WORK INSTRUCTION: Within the entries below, find the portion that opens with the line containing "Racing Vs. San Pablo 2021: A Deep Dive" and closes with the line containing "Milan Kundera: Olemisen". Retype that portion exactly and only.

Segment Open

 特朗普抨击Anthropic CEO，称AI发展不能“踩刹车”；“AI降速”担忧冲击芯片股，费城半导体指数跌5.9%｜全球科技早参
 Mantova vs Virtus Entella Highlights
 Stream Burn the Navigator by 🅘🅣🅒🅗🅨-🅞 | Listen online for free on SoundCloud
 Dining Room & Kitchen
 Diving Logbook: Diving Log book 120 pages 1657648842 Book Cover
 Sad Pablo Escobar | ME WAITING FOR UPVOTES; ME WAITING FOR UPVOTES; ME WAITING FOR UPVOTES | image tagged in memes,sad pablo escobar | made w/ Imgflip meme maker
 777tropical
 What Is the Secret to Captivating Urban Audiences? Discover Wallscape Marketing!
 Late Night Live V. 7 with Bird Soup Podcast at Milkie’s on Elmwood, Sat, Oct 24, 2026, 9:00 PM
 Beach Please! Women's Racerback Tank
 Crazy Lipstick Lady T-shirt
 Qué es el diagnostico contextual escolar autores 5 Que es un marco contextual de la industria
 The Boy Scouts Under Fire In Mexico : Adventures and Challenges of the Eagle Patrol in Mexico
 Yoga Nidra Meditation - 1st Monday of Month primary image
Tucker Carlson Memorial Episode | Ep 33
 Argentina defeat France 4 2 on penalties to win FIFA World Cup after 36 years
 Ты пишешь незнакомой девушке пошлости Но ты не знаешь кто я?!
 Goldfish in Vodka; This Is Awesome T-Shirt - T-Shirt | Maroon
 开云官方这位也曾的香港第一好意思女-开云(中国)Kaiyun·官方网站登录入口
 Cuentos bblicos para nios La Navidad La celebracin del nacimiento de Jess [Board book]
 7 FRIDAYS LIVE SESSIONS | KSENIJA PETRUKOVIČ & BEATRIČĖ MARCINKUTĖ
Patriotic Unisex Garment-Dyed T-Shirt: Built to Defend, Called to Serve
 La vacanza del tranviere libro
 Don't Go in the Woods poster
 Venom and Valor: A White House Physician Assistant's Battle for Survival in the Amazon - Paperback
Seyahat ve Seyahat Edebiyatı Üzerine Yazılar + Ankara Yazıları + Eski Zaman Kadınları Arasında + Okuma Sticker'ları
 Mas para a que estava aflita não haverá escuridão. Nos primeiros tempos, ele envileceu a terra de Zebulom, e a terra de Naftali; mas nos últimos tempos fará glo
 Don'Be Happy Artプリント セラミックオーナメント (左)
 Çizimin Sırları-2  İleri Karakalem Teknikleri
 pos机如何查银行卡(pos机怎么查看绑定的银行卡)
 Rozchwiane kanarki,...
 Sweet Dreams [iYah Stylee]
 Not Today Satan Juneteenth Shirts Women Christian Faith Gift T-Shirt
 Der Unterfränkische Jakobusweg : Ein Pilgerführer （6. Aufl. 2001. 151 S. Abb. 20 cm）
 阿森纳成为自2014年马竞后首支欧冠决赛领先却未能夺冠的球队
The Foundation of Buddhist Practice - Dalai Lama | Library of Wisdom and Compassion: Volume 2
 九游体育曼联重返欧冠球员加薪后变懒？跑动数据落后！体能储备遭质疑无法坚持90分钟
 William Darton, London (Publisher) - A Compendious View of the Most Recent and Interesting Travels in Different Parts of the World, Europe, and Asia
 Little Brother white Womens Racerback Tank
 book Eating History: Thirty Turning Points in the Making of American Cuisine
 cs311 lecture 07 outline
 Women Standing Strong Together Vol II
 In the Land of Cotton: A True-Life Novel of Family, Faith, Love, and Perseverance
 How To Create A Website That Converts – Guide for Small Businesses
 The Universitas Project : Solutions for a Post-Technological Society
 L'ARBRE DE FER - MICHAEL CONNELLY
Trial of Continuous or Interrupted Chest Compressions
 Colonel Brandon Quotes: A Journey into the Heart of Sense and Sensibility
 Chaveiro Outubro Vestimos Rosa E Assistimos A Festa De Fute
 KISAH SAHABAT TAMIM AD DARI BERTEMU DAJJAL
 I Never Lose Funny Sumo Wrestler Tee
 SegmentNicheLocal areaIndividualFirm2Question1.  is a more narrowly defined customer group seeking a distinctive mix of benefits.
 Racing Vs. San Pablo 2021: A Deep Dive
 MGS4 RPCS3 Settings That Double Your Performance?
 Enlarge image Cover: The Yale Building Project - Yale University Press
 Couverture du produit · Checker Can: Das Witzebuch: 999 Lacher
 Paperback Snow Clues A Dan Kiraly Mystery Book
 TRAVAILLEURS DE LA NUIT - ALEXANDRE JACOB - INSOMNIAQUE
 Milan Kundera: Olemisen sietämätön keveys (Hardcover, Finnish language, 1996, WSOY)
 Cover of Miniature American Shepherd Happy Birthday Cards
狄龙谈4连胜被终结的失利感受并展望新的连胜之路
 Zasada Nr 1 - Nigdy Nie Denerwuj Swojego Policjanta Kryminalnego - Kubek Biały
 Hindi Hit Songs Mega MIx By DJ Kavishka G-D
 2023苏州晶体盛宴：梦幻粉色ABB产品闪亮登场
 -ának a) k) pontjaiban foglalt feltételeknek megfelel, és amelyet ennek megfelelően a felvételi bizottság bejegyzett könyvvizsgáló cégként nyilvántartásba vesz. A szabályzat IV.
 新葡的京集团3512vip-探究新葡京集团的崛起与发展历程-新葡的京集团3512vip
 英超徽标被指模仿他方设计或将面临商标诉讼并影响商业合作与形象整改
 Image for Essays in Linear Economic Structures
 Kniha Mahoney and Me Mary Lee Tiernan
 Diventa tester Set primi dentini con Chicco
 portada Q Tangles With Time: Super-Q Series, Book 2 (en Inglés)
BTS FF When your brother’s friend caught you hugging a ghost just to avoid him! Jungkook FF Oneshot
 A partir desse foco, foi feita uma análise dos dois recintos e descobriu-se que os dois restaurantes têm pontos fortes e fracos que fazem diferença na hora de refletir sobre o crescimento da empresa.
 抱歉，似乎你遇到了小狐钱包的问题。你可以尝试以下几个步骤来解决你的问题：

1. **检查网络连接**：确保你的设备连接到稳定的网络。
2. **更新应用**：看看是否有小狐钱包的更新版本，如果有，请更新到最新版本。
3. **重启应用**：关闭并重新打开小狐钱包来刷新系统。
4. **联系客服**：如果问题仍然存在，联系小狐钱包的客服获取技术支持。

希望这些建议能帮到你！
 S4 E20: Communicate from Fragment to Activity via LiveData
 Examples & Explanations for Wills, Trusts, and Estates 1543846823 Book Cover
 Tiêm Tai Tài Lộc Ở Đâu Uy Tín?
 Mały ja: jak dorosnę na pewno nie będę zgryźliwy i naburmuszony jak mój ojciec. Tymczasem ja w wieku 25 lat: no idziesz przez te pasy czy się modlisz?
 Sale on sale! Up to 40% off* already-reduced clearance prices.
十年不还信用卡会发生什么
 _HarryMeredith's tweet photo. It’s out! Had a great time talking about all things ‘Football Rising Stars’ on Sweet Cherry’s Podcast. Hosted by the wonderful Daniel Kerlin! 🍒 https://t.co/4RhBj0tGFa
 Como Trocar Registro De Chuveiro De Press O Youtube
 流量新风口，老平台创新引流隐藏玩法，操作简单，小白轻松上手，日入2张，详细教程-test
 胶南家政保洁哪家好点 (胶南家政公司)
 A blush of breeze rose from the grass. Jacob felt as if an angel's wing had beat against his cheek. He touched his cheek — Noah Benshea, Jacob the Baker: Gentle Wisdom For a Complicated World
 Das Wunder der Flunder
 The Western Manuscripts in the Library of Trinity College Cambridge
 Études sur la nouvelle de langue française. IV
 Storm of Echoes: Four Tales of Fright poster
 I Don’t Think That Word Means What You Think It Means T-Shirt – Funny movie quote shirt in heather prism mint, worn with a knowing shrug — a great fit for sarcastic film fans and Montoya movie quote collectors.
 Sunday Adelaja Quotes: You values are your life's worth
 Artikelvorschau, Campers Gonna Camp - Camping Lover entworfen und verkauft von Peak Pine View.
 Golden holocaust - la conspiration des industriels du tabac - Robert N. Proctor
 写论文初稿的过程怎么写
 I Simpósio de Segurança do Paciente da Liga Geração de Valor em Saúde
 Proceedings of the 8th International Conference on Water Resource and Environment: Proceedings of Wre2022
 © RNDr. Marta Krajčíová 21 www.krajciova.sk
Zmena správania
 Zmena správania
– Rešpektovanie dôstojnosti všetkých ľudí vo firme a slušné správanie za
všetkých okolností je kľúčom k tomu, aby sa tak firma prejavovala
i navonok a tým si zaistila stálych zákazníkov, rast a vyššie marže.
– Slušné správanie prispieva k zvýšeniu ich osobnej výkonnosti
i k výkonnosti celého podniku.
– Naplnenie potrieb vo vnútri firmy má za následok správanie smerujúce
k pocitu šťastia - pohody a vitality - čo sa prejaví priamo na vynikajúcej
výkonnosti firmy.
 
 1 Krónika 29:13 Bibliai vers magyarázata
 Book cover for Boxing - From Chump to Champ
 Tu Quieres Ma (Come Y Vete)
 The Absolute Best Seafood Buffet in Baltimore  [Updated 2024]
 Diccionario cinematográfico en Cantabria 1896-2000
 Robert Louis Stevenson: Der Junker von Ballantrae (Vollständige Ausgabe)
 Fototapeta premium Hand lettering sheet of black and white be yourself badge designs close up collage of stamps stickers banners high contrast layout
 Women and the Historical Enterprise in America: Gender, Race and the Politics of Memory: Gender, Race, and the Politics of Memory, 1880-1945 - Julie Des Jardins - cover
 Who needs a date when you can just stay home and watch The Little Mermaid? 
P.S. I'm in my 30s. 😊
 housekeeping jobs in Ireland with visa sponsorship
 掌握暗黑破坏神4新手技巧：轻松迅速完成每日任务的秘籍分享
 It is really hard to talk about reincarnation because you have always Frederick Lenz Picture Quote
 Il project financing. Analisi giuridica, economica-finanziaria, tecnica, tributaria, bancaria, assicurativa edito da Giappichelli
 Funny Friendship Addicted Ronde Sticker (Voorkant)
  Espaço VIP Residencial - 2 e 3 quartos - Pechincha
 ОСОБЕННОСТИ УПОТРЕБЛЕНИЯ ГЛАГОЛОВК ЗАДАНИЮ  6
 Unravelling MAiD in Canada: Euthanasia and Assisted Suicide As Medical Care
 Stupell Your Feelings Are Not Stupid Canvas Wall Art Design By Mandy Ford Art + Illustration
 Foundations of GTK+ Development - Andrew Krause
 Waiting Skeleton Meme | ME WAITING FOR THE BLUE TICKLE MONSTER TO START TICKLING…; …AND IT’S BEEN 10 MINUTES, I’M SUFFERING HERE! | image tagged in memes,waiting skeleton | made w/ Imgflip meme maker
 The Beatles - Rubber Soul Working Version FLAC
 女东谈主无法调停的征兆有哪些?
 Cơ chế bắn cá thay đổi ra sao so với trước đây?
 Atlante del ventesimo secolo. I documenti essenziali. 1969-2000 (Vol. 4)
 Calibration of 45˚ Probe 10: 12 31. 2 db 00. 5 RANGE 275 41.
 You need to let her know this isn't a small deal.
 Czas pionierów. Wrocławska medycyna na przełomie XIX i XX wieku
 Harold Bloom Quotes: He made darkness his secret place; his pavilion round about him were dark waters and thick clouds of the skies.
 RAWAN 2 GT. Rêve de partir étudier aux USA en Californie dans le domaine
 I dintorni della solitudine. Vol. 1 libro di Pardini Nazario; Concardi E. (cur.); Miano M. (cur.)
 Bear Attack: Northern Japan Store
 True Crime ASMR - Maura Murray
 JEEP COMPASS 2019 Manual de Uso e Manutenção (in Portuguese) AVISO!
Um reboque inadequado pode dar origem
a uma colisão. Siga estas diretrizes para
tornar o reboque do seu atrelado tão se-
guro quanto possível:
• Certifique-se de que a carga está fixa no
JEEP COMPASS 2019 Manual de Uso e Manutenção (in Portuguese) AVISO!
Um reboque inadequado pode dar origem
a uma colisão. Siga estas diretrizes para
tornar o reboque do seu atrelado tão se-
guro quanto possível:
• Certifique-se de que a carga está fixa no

Segment Closed

ANSWER TO THIS PROBLEM:
 Racing Vs. San Pablo 2021: A Deep Dive
 MGS4 RPCS3 Settings That Double Your Performance?
 Enlarge image Cover: The Yale Building Project - Yale University Press
 Couverture du produit · Checker Can: Das Witzebuch: 999 Lacher
 Paperback Snow Clues A Dan Kiraly Mystery Book
 TRAVAILLEURS DE LA NUIT - ALEXANDRE JACOB - INSOMNIAQUE
 Milan Kundera: Olemisen sietämätön keveys (Hardcover, Finnish language, 1996, WSOY)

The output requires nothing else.